The truth of the fact was, Mr. Whitman was sorry that he had expressed before his family the transient thought that crossed his mind in regard to the boy, because he felt that his wife and father were anxious that he should take him, although they disclaimed any desire to influence his actions; and being an indulgent parent, the clamorous eagerness of the children aided to complicate the matter. He likewise felt that he had so far committed himself, he must at least go and look at this lad, though inclined to do it in that leisurely way in which a man sets about an unpleasant duty. But, to the great delight of Peter, before the horses had finished their provender, Mr. Wilson himself appeared on the ground.

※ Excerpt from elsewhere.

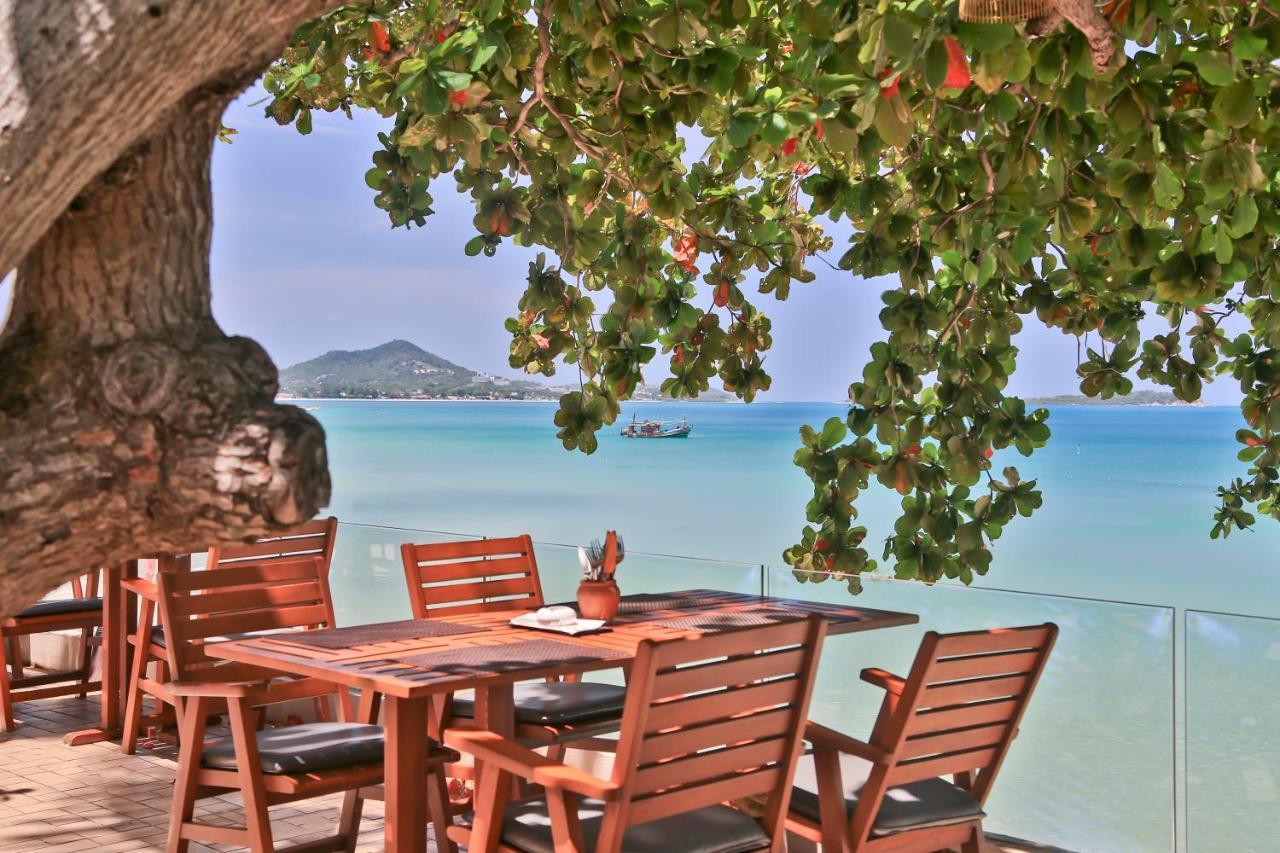 Impiana Beachfront Resort Chaweng Noi, Koh Samui Екстер'єр фото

“Good morning, Mr. Whitman. I understand from Mr. Wood, to whom I have brought a man, that you want a boy. I have a boy and a man at the public house and would like to have you step over and look at them.”

“I have never said to neighbor Wood nor to any one that I wanted a redemptioner; he must either have got it from Peter here, through some one else, or have imagined it. All I ever had to do in the matter was to say, when we were talking in the family about your having a boy among your men, that I did not know but it might be my duty to take the boy. It was however merely a passing thought. I have about made up my mind that I will have nothing to do with it, and I do not think it is worth while (as I have met you) for me to go and see either of them.”

“You had better go look at them, your horses have not yet finished eating.”

“I am an outspoken man, Mr. Wilson, and make free to tell you I don’t like this buying and selling of flesh and blood. It seems to me too much like slavery, which I never could endure. I think a capable man like you had better take up with some other calling, and I don’t care to encourage you in this. If you’ll buy oxen or horses or wheat I’ll trade with you, but I don’t care to trade in human bodies or souls.”